California, the current epicenter of the coronavirus pandemic in the US, has become the country's first state to have more than 600,000 confirmed cases, authorities said. A report released by the California Department of Public Health on Friday showed an increase of 7,934 COVID-19 cases, which included 3,505 new infections in 24 hours and 4,429 from a lab-reporting backlog of previous days, reports Xinhua news agency.

Public health officials also confirmed 188 more deaths in the daily report. So far, there have been 601,075 confirmed cases and 10,996 deaths in California since the start of the pandemic. The seven-day positivity rate is 6.5 percent and the 14-day positivity rate is 6.2 percent, according to the Department of Public Health.

USA COVID-19
USA COVID-19 (Representational Picture) Pexels/Karolina Grabowska

Increasing Number of Cases

The positivity rate reflects how prevalent positive cases of the disease are when compared to the number of tests being done. Officials said that local health departments have recorded 27,919 positive cases in health care workers and 143 deaths statewide as of Thursday.

In Los Angeles County, the most populous in the state, local public health officials reported 2,642 new cases and 45 new deaths. To date, the Los Angeles County Department of Public Health has identified 218,693 cases and 5,214 deaths across all areas of the metropolitan region.

Too Many People Spreading the Virus

The county's public health officials noted that there has been a 25 percent reduction in daily hospitalizations in the last couple of weeks. The 7-day average of daily hospitalizations in the county is 1,521, whereas, in the week ending July 31, the figure was 2,026.

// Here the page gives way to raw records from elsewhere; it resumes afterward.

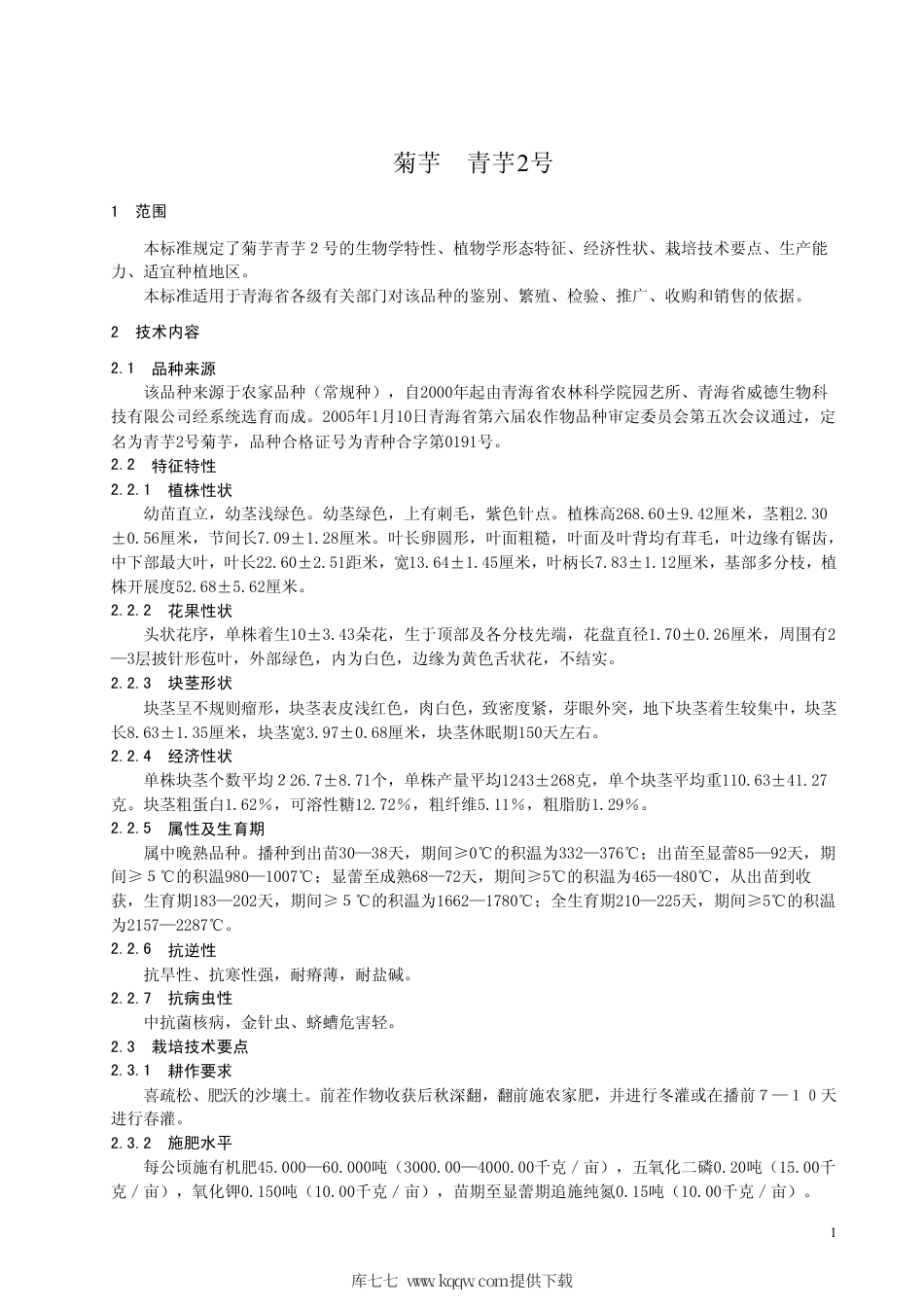 【地方标准】DB63∕497-2005 菊芋青芋2号.pdf_第3页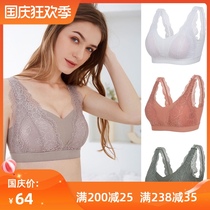 Comfortable love no steel ring bra bra latex cup anti mite underwear lace gathering comfortable and through maintenance bra women 8321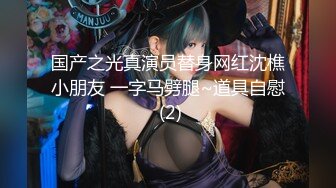 【新片速遞】才艺女主播丝袜情趣诱惑，火辣激情裸舞好刺激，各种，撩人动作看了秒硬，道具抽插蝴蝶骚逼浪荡呻吟高潮不断[457MB/MP4/37:26]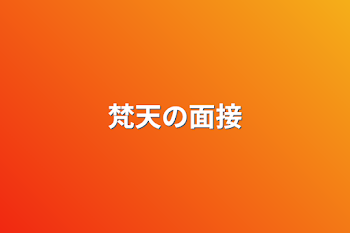 「梵天の面接」のメインビジュアル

"The lower number of daily COVID-19 hospitalizations is encouraging, however, we still have far too many people spreading this virus," said Barbara Ferrer, director of the Los Angeles County Department of Public Health, in a statement.

"Only when we get to low community transmission rates, can we reopen our schools and get more people back to work. The choice is ours to make -- our recovery journey continues only if we all do our part today to slow the spread," she added.